ASSIGNED TASK: From the first line to the last, transcribe the data exactly and skip the pictures.

DATASET CONTENT:
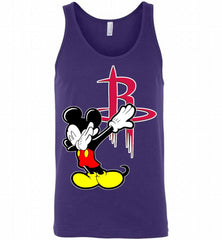 Disney Mickey Mouse Dabbing Houston Rockets Tank - zezetee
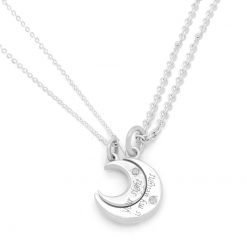 おすすめペアネックレス 月モチーフペアネックレス Free Style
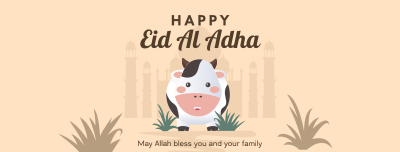 Eid Al Adha Cow Facebook cover Image Preview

OUTPUT:
 Disney Mickey Mouse Dabbing Houston Rockets Tank - zezetee
 おすすめペアネックレス 月モチーフペアネックレス Free Style
 Eid Al Adha Cow Facebook cover Image Preview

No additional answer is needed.